[Ohio UZO News] RFE/RL; EDM; OSCE Press release; Link

Deychak, Orest Orest.Deychak at mail.house.gov
Wed Sep 13 15:02:38 EDT 2006


Radio Free Europe/Radio Liberty
Ukraine: Will Presidential Party Split Over Ruling Coalition? 
By Jan Maksymiuk 
President Yushchenko could see his bloc in parliament dissolve beneath him

PRAGUE, September 13, 2006 (RFE/RL) -- The Reforms and Order Party surprised
fellow Our Ukraine constituents when it recently announced it was switching
alliances and entering the opposition in order to avoid a partnership with a
government it accused of posing a threat to democracy.

What is taking place in Our Ukraine can be described as the final stage in
the disintegration of the Orange Revolution camp that helped bring Viktor
Yushchenko to the presidential post in December 2004. 

Breakup Of The Orange Revolution

The Yuliya Tymoshenko Bloc was the first to leave the pro-presidential
alliance, in September 2005, after Yushchenko removed Tymoshenko from the
post of prime minister.   
"It is quite apparent that there are diametrically opposing views regarding
this issue in Our Ukraine, as well as opposite trends regarding the
development of Our Ukraine itself."

When the Party of Regions, led by Yushchenko's erstwhile presidential rival,
Viktor Yanukovych, won the parliamentary elections in March, an opportunity
arose for Yushchenko and Tymoshenko to reunite in an effort to prevent
Yanukovych from returning to power. 

But as old political wisdom asserts, being in opposition unites, while being
in power divides. Lingering animosities and personal ambitions prevented the
leaders of the Yuliya Tymoshenko Bloc, Our Ukraine, and the Socialist Party
from resurrecting their 2005 ruling alliance. 

Thus, the second force to quit the Orange Revolution camp was the Socialist
Party led by Oleksandr Moroz. The Socialists unexpectedly switched sides in
July, signing an "anticrisis" accord with the Party of Regions and the
Communists. 

Lack Of Unity

Yushchenko then tried to salvage the situation by having Our Ukraine sign a
declaration of national unity with the anticrisis coalition. That deal
allowed Our Ukraine to obtain several ministerial portfolios in Yanukovych's
cabinet and represented a symbolic agreement between the signatories to
pursue the basic goals and ideals of the Orange Revolution. 

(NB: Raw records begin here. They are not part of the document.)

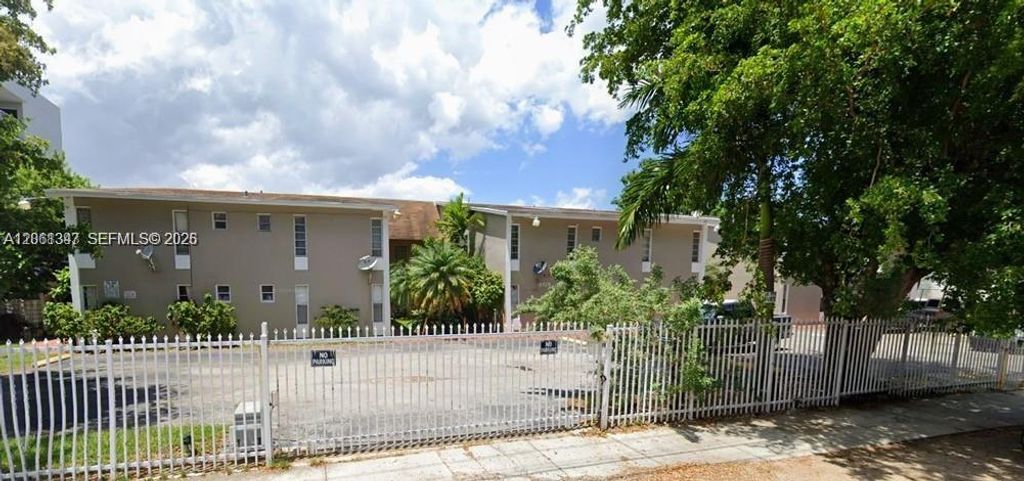 1525 NW 19th Ter 15, Miami, FL 33125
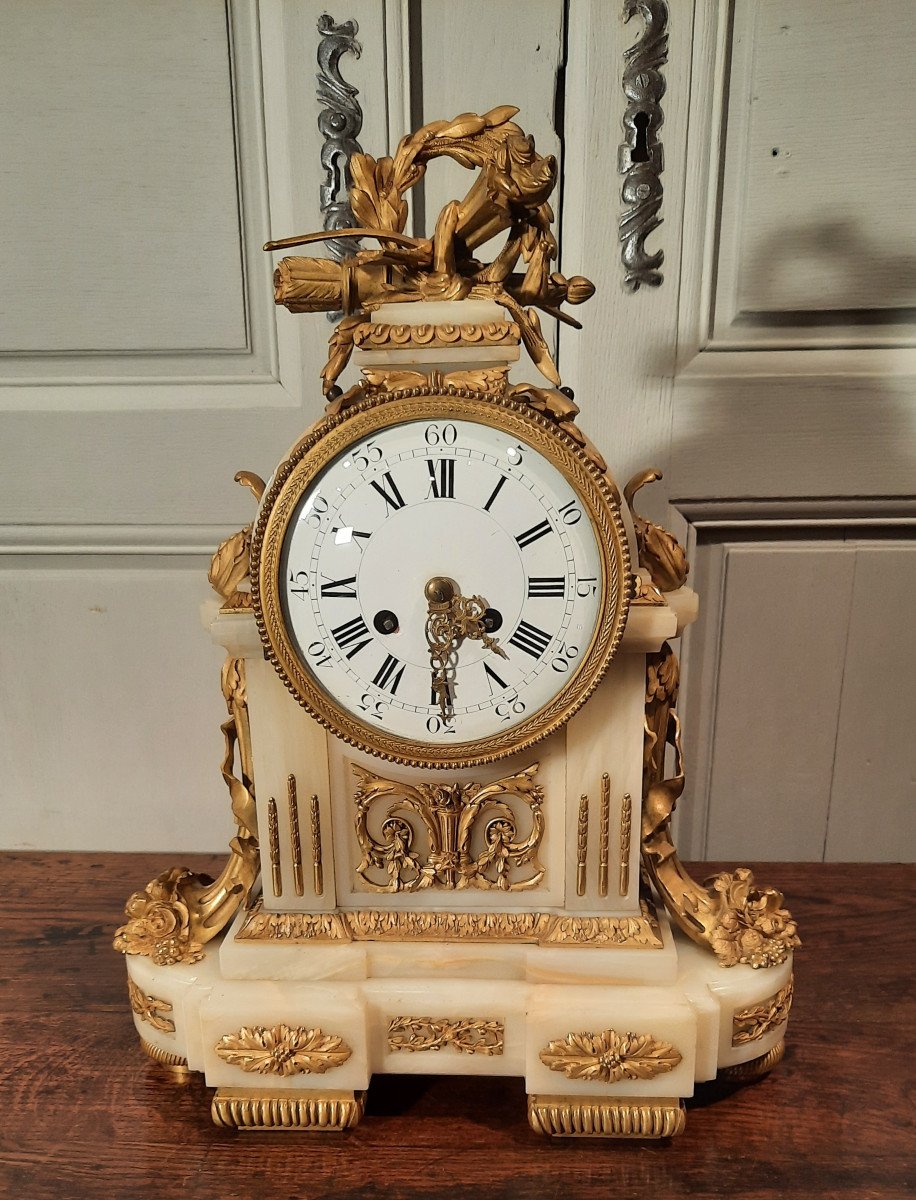 Louis XVI Style Clock In Gilt Bronze And Onyx From The 19th Century.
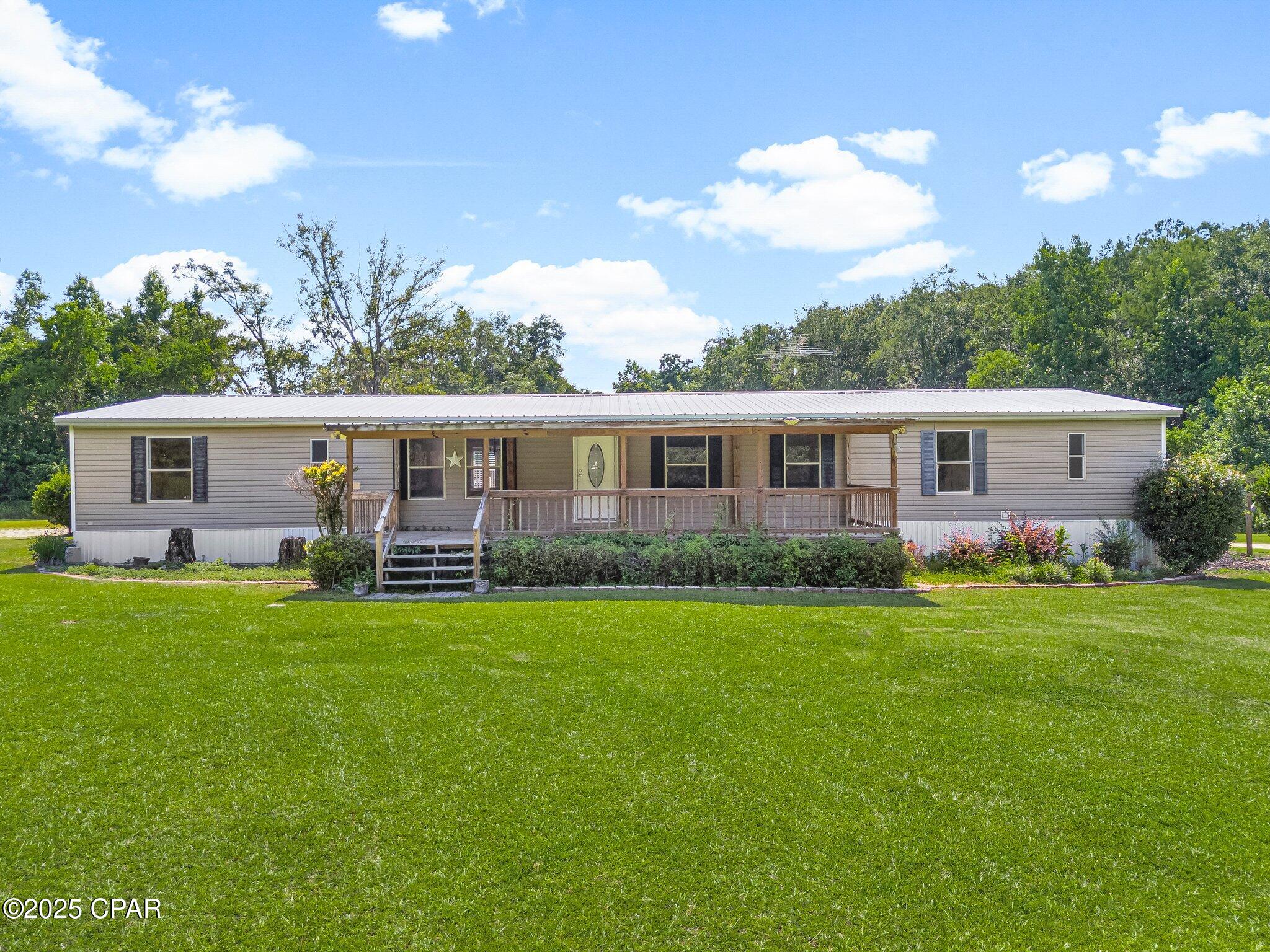 1550 Jarous Road, Cottondale, Florida image 1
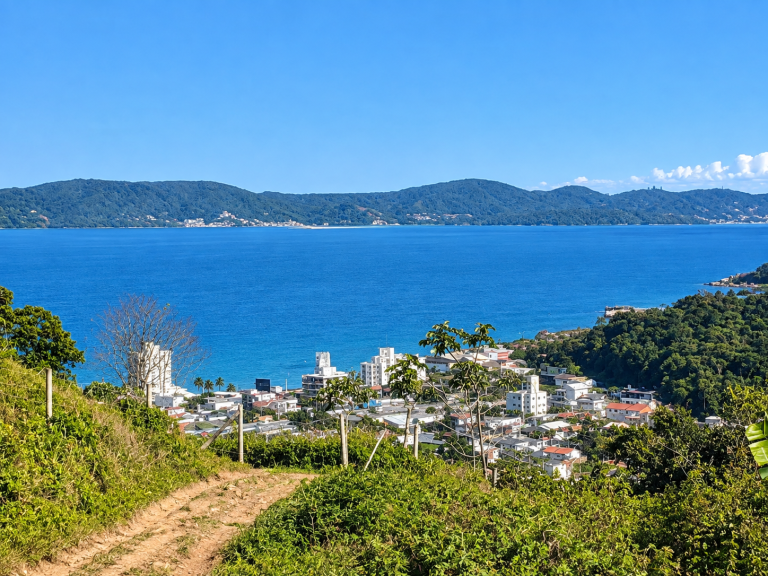 ÁREA DE 4.6 HA EM ITAPEMA-SC
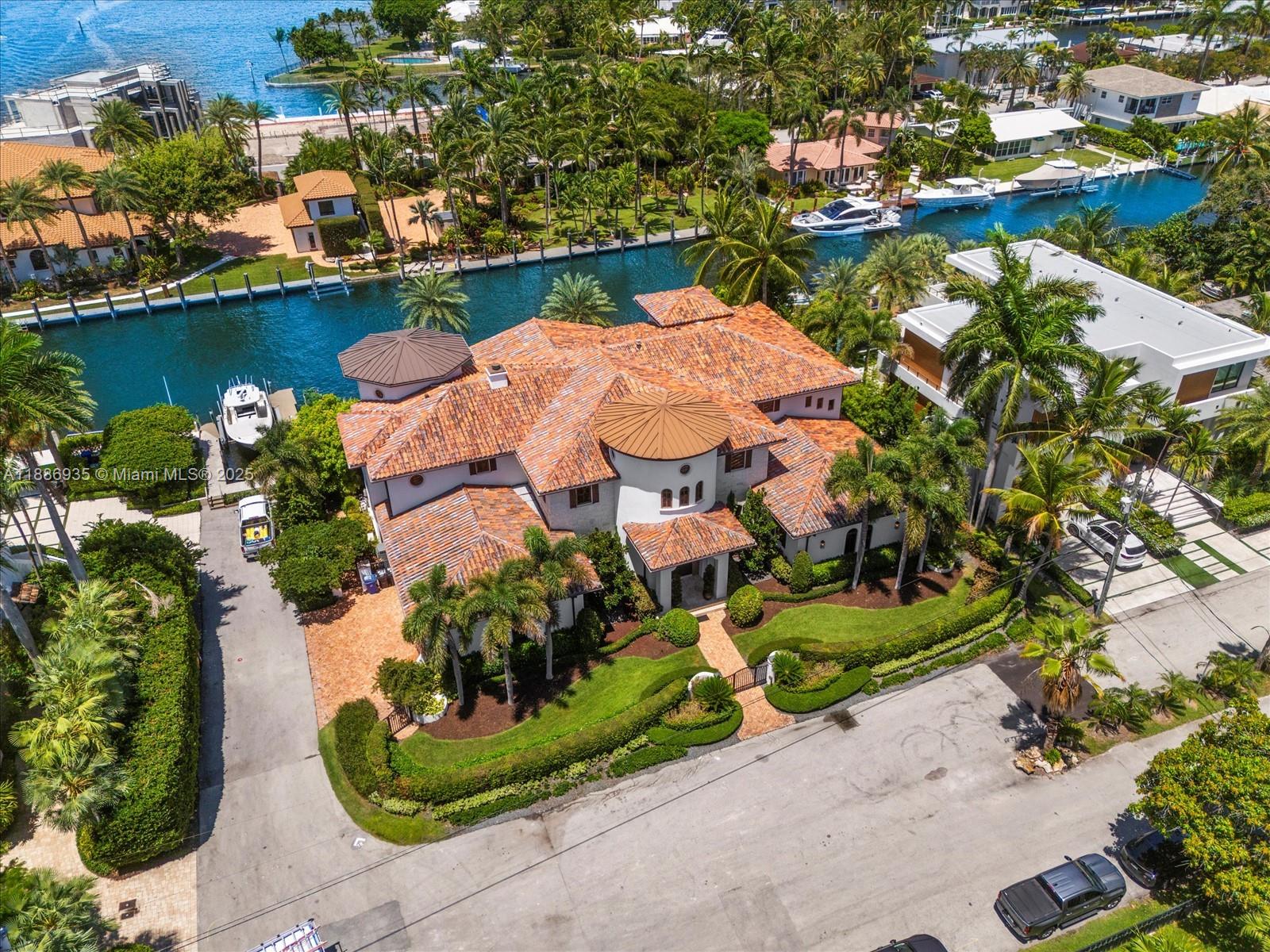 821 Solar Isle Dr Fort Lauderdale, FL 33301 821 Solar Isle Dr Fort Lauderdale, FL 33301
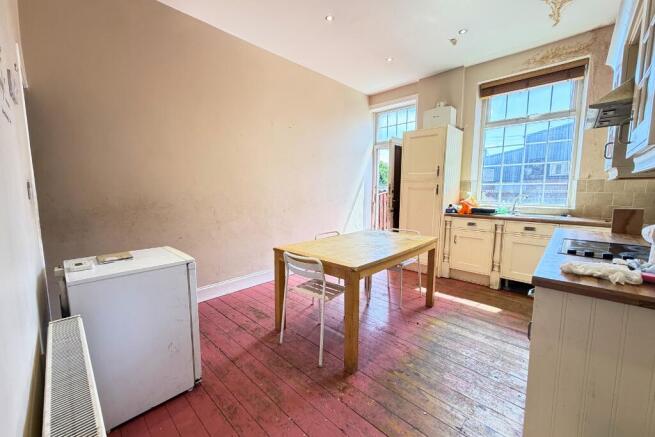 2 bed Terraced for sale Image 5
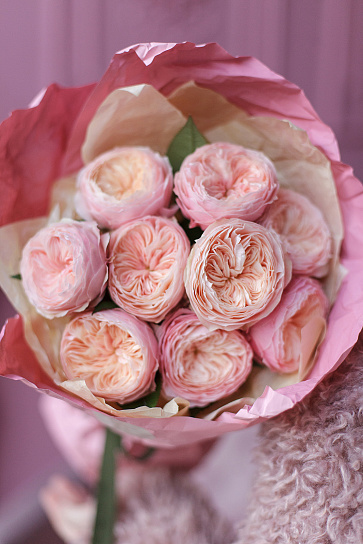 Монобукет с пионовидной розой "Дарси"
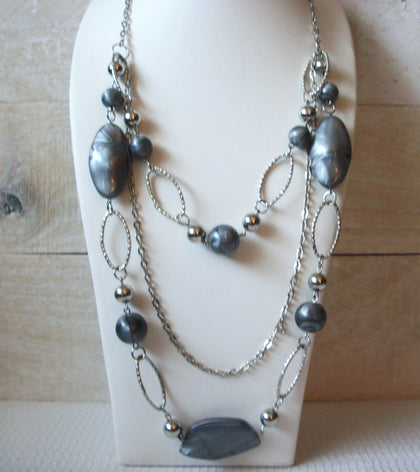 Retro Gray Lucite Necklace 52820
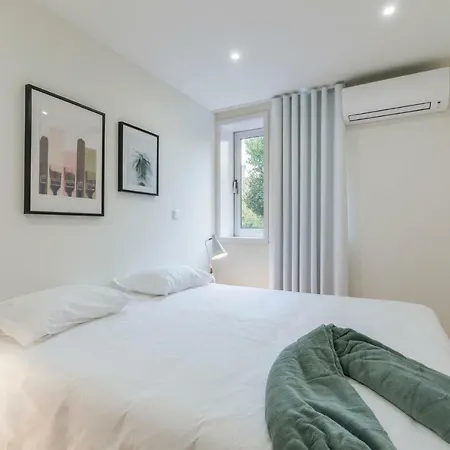Apartment Domus 21 - Entreparedes Porto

Running the government jointly with the Communist Party, however, has turned
out to be an unpalatable idea for many Our Ukraine politicians. Only 30 of
Our Ukraine's 80 lawmakers voted in August to confirm Yanukovych as prime
minister, despite the fact that the bloc delegated four ministers to his
cabinet, in addition to three ministers appointed by Yushchenko. 

Mykola Katerynchuk, the chairman of the executive board of the Our Ukraine
People's Union (NSNU) -- which constitutes the core of the Our Ukraine
parliamentary bloc -- suggested that those NSNU members who backed
Yanukovych in the vote should leave the union. 

But this proposal was criticized by NSNU leader Roman Bezsmertnyy, who is in
favor of Our Ukraine joining the anticrisis coalition on the basis of a new
coalition accord. 

Outright Opposition

How to do this, however, is a major headache for Yushchenko's loyalists. 

Lawmaker Mykhaylo Pozhyvanov from the People's Rukh of Ukraine, another
important component of Our Ukraine, told RFE/RL's Ukrainian Service that his
party took a "very stiff position" on a potential expanded coalition. 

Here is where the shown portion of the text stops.